Table 1. Although the algorithm is unclear, should we still expect EDDPM to become DDPM when using all the denoising steps?

Minors:

Some citations are weird.
- “However, this decoupled approach can lead to suboptimal performance (Song et al., 2020; Bao et al., 2022c; Liu et al., 2022; Bao et al., 2022b).” → It is unclear what is the purpose of putting citations here.
- “Sohl-Dickstein et al. (Sohl-Dickstein et al., 2015) firstly introduced diffusion probabilistic models (DPMs) that they can convert one distribution into a target distribution, in which each diffusion step is tractable.” and many more→ There is a rule to put citations at the beginning of a sentence. Please follow it.
“The training of diffusion models involves a weighted variational bound derived from the connection between diffusion probabilistic models and denoising score matching with Langevin dynamics..” This sentence is not correct.
“Bao et al. (Bao et al., 2022c;b) proposed to estimate the optimal covariance in each timestep of the reverse process”. This sentence has a loose connection with previous sentences. It is unclear what are the benefits of the development.
“(Luhman & Luhman, 2021) compressed the diffusion process by combining the GANs and DPMs, and the proposed model only needs one sampling step for generation.” This paper uses knowledge distillation. There is no combination of GANs and DPMs.
The word reduced variance variational bound is confusing as reduced variance refers to another concept.
There are some typos and grammatical errors, please correct it.

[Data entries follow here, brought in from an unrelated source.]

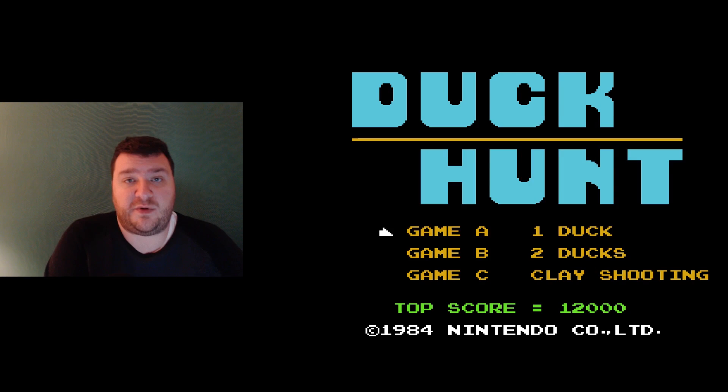Mark really did a great job going through all those settings, and now everybody should have a good idea of what to expect — though all those settings really focused on the HDMI output. I want to talk about the analog output, and I'm showing Duck Hunt on screen to confirm to everybody that yes, this definitely works with light guns as long as you're using the analog out on a CRT — and it works exactly like the original.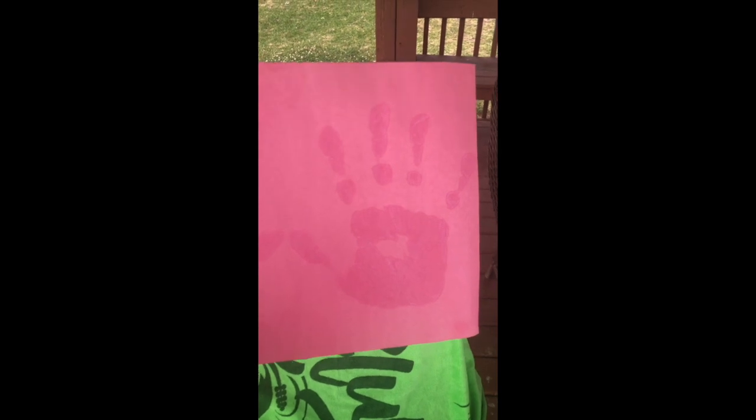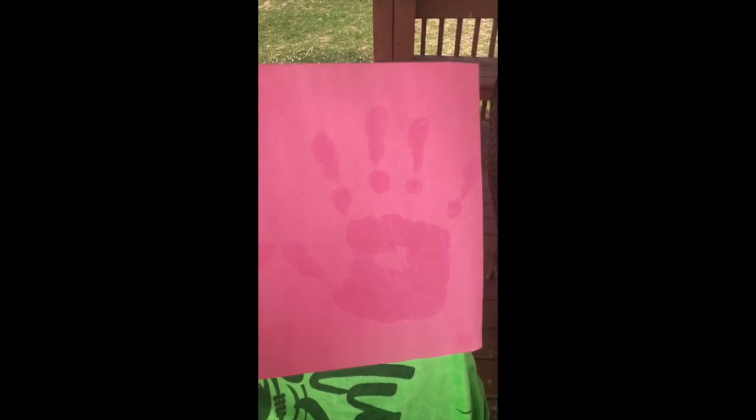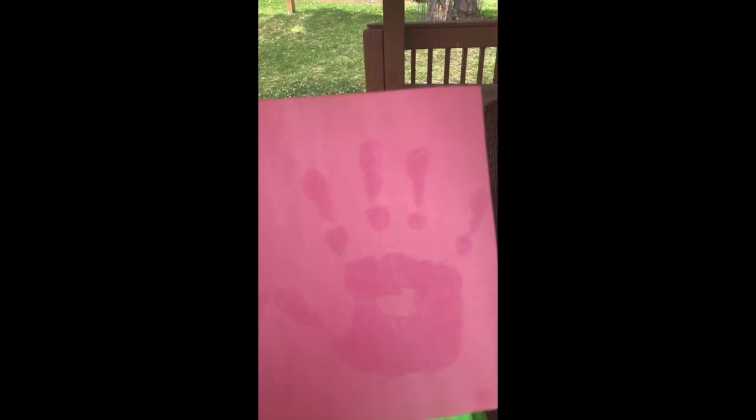Okay Orange Room, let's look. My handprint is the same color the paper used to be, and the outside is all faded. Look at what sunscreen does for you — it keeps you protected.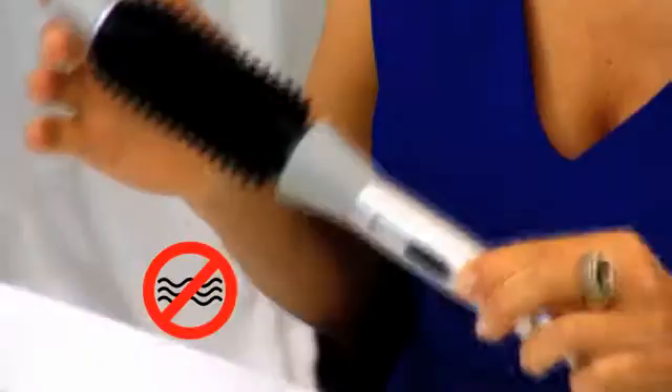The first time you go to use your Perfector, you'll notice that there's actually a protective cover on the outlet plug. So remove this before you go to plug in your Perfector. Also remember, this is an electrical appliance, so never use your Perfector near water.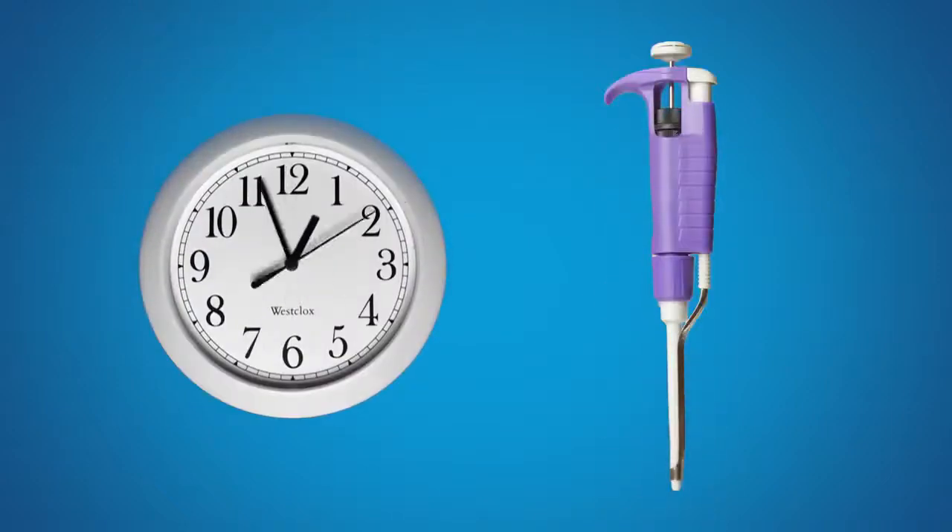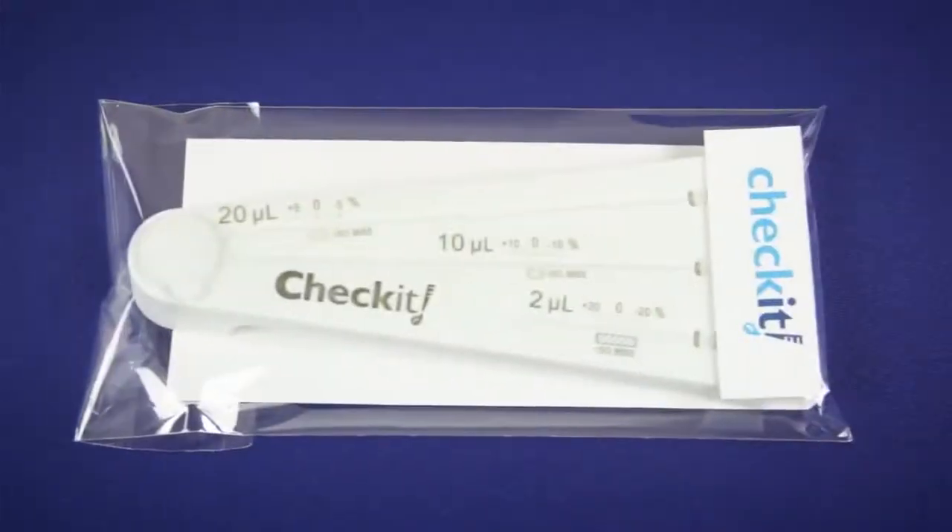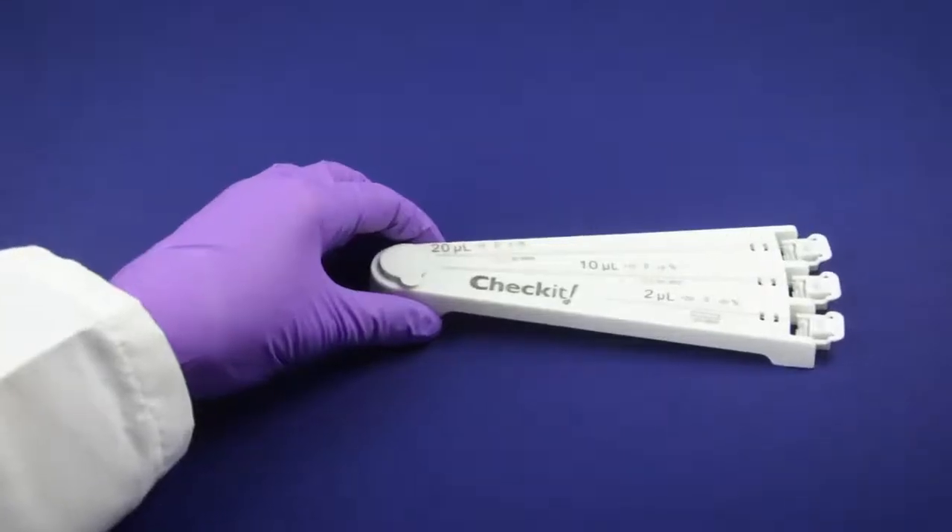Waiting for your pipette to be calibrated is like watching your cultures grow — boring! But if you don't check for accuracy, pipette errors could ruin your experiments. Say hello to the Check-It! The Check-It is a convenient new way to evaluate the accuracy of your pipettes in seconds.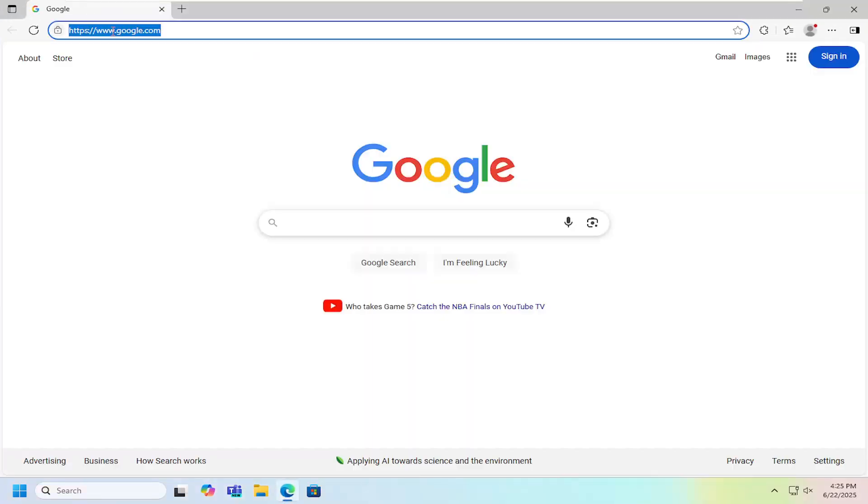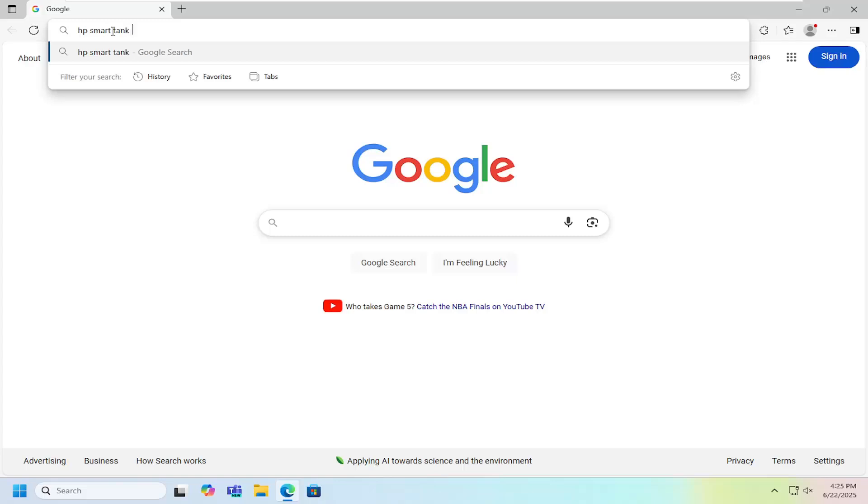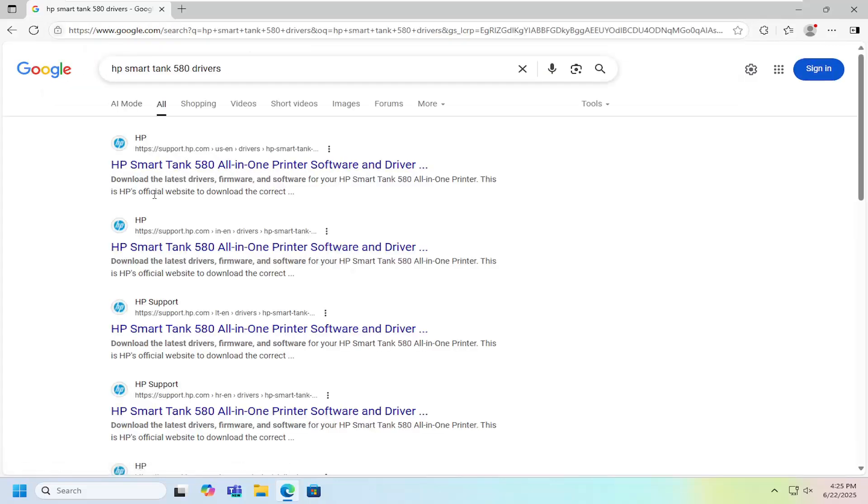All you have to do is open up a web browser and into Google search you want to look for HP SmartTank 580 drivers. Go ahead and search for that. The best result you come back with is an HP support page that says HP SmartTank 580 all-in-one printer software.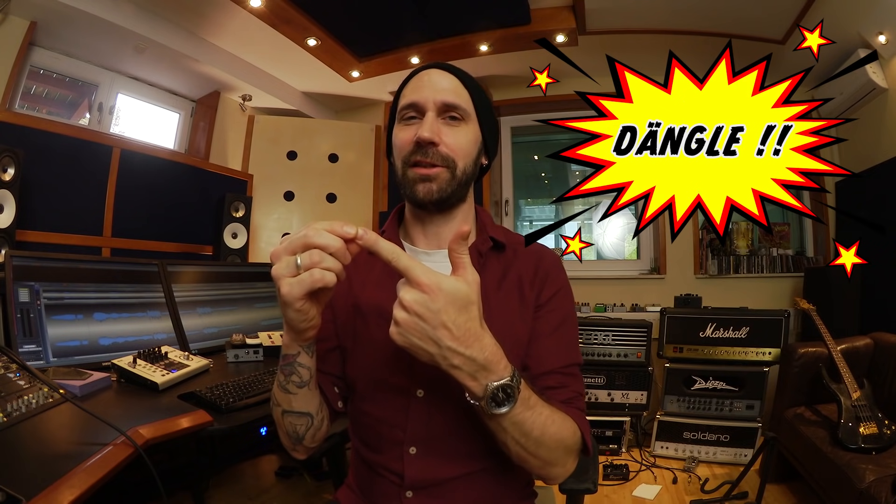Those two things define a great metal bass tone: solid clean low-end and dangle. But how do we get there? First of all, make sure you record a killer sounding DI track — that is the most important part. If the DI track is right, there are a lot of tools to make your bass sound metal and great. If the DI sucks, it's going to be really hard. You can get the low end right, but it's mostly impossible to get the right amount of dangle and make the bass jump out of the mix.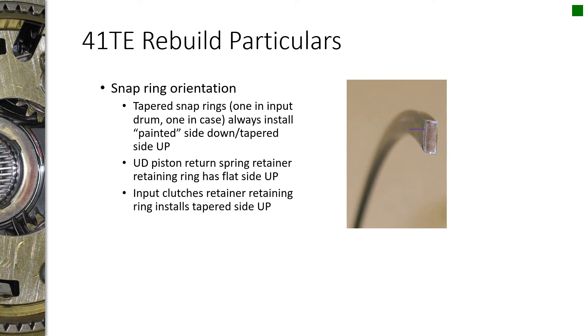The taper always faces up. When you get new tapered snap rings, they'll have spray paint on one side — you always want the painted side down, and the tapered side will be on top.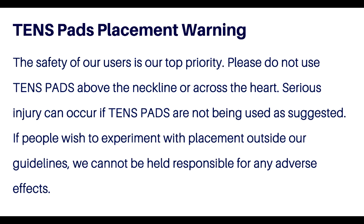TENS pads placement warning. The safety of our users is our top priority. Please do not use TENS pads above the neckline or across the heart. Serious injury can occur if TENS pads are not being used as suggested. If people wish to experiment with placement outside our guidelines, we cannot be held responsible for any adverse effects.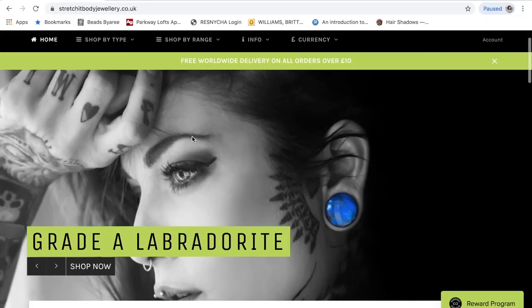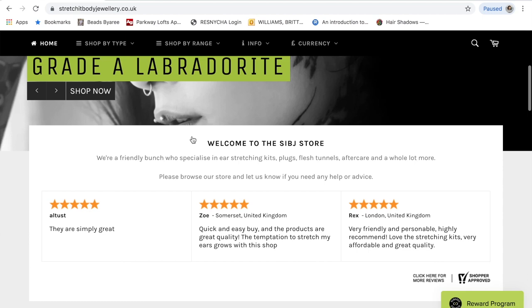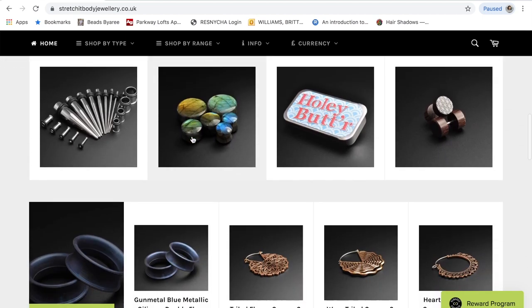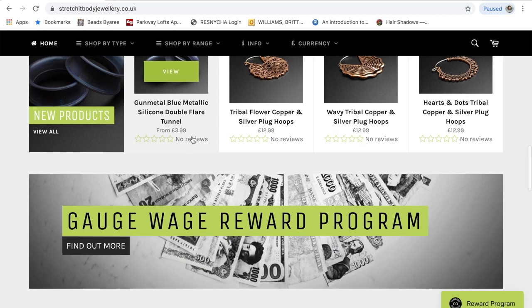This video is in partnership with Stretch It Body Jewelry. They sent me a stretching kit and I'm going to show you guys how to use it and how to properly stretch your ears. What came in the kit was this stretching kit — which is pretty cool because it's rounded, I'll show you what I mean — and jojoba oil, plus some other items I'll figure out.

To name a few:
- our method DDPM → our method EDDPM
- thorough → through
- In Section 4.1: $\tilde{\beta}t = \frac{1 - \alpha{t-1}(m)}{1 - \alpha_t(m)} \beta_t m_t$
- Line 10 in Algorithm 1: $\nabla_\theta \Phi(\theta, s) \to \nabla_s \Phi(\theta, s)$
Eqn. (4) (and its related sentences) should be put above Eqn. (2).
Bulleted listings should be avoided when writing. In Section 5, some parts bulleted listing should be converted to paragraphs.
The caption of Table 1 lacks the notation of the second-best method.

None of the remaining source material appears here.